STRATEGIC FUND: DISBURSEMENT BY LEGISLATIVE APPROPRIATION

House Bill 6063 as introduced

First Analysis (12-10-02)

Sponsor: Rep. Leon Drolet

Committee: Commerce

THE APPARENT PROBLEM:


The Michigan Strategic Fund was created by Public Act 270 of 1984. The MSF was transferred in 1999 by executive order from the Michigan Jobs Commission to the Department of Management and Budget. In its Appropriations Summary and Analysis of the fiscal year 2002-2003 budget issued in November 2002, the House Fiscal Agency describes the MSF as "an autonomous agency within the Department of Management and Budget [that] houses the state's economic development programs. Programs are administered through the Michigan Economic Development Corporation (MEDC) - a public corporation that represents a partnership between the MSF and local economic development corporations and partners. The MEDC administers various programs aimed at retaining and attracting businesses to Michigan, assisting Michigan business with expansion plans, and providing financial support for local units of government to provide infrastructure improvements necessary for economic development projects".

The MSF receives revenue from a variety of sources, notably including revenues from Indian tribal casinos.
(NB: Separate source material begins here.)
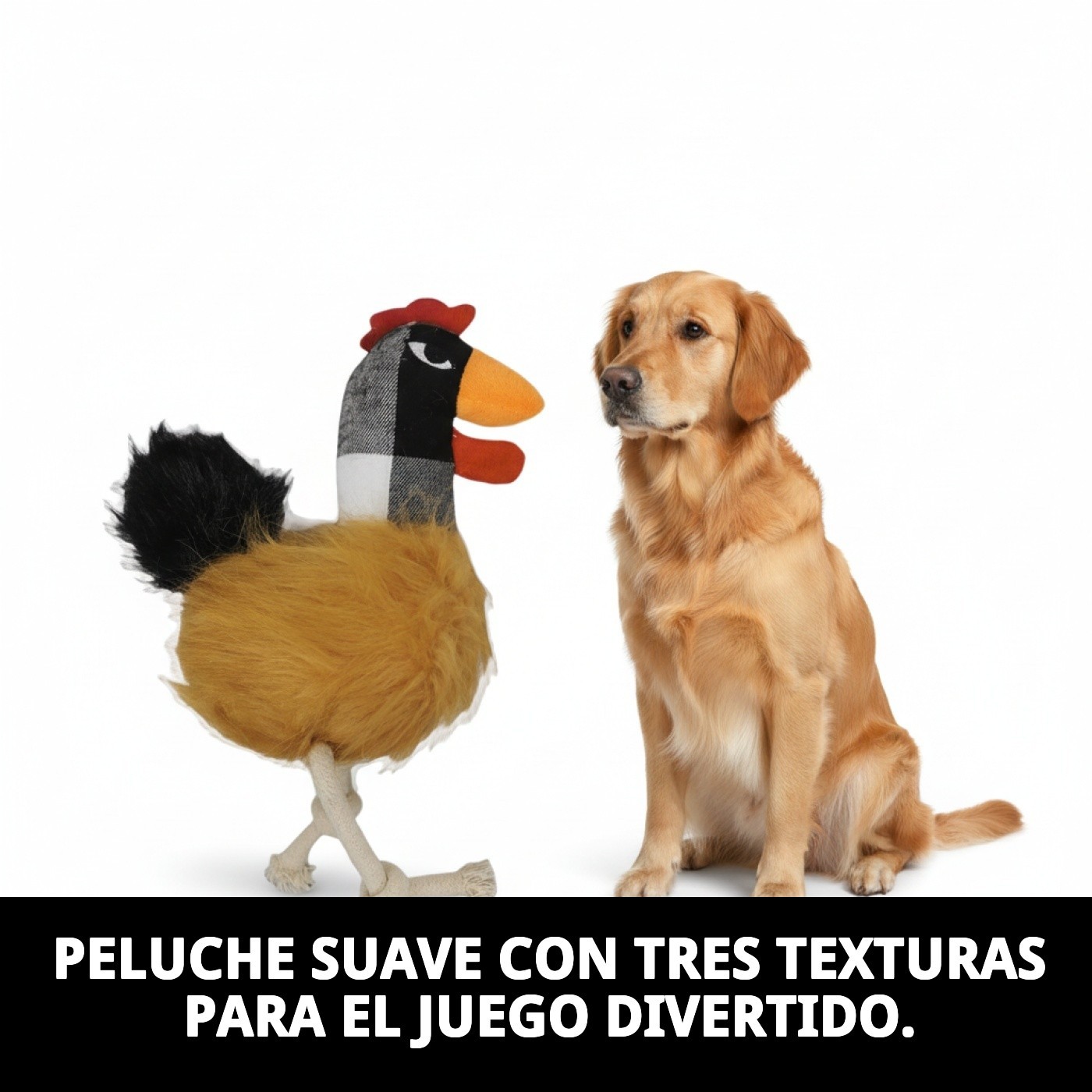 Peluche para Perros Corral 34 cm Moly | Juguete con Tres Texturas y Sonido Interactivo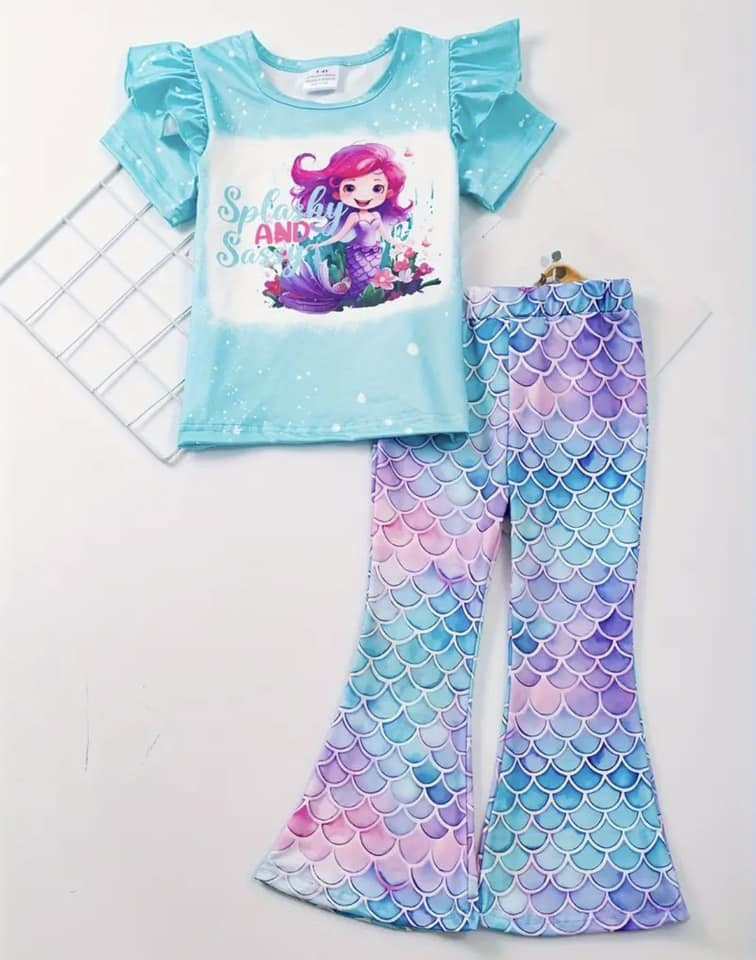 (Custom Design Preorder MOQ 5) Mermaid Print Bell Pants Girls Clothes Set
When Governor Engler initially negotiated compacts regarding casino gaming with Michigan Indian tribes in the early 1990's, the agreement called for the MSF to receive eight percent of the net win from gaming operations as long as there were no non-Indian casinos permitted in the state. A 1996 Michigan Court of Appeals decision (Tiger Stadium Fan Club, Inc. v Governor) said that these Indian gaming revenues were "public funds not subject to appropriation [by the legislature]". This ruling came in response to a challenge to the use of MSF funds in financing infrastructure improvements related to the construction of a new baseball stadium in Detroit, now known as Comerica Park. The court ruled that this use of the MSF funds did not violate either the "appropriations clause" or the "separation of powers clause" of the state constitution. Because of the nature of the negotiations, said the court, "the revenues are not paid as a tax or a fee, or pursuant to a legislative act".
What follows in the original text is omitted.